_WHAT IS BEING ASKED_: Could every line below be written out exactly as it appears?

Data records:
- - - - -
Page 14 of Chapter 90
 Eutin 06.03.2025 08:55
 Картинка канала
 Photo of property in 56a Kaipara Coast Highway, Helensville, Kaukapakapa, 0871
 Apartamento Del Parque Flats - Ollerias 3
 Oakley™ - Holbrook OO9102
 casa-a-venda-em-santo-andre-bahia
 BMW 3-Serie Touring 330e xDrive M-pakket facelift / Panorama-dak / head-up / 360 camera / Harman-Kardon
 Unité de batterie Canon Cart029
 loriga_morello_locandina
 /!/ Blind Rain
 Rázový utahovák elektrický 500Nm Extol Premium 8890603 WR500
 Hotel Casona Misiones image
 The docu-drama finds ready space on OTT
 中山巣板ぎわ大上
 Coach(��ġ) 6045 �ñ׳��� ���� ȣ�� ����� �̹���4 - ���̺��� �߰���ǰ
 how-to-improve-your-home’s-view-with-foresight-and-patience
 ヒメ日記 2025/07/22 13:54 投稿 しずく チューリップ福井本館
- - - - -
_RESULT OF THE TASK_:
Page 14 of Chapter 90
 Eutin 06.03.2025 08:55
 Картинка канала
 Photo of property in 56a Kaipara Coast Highway, Helensville, Kaukapakapa, 0871
 Apartamento Del Parque Flats - Ollerias 3
 Oakley™ - Holbrook OO9102
 casa-a-venda-em-santo-andre-bahia
 BMW 3-Serie Touring 330e xDrive M-pakket facelift / Panorama-dak / head-up / 360 camera / Harman-Kardon
 Unité de batterie Canon Cart029
 loriga_morello_locandina
 /!/ Blind Rain
 Rázový utahovák elektrický 500Nm Extol Premium 8890603 WR500
 Hotel Casona Misiones image
 The docu-drama finds ready space on OTT
 中山巣板ぎわ大上
 Coach(��ġ) 6045 �ñ׳��� ���� ȣ�� ����� �̹���4 - ���̺��� �߰���ǰ
 how-to-improve-your-home’s-view-with-foresight-and-patience
 ヒメ日記 2025/07/22 13:54 投稿 しずく チューリップ福井本館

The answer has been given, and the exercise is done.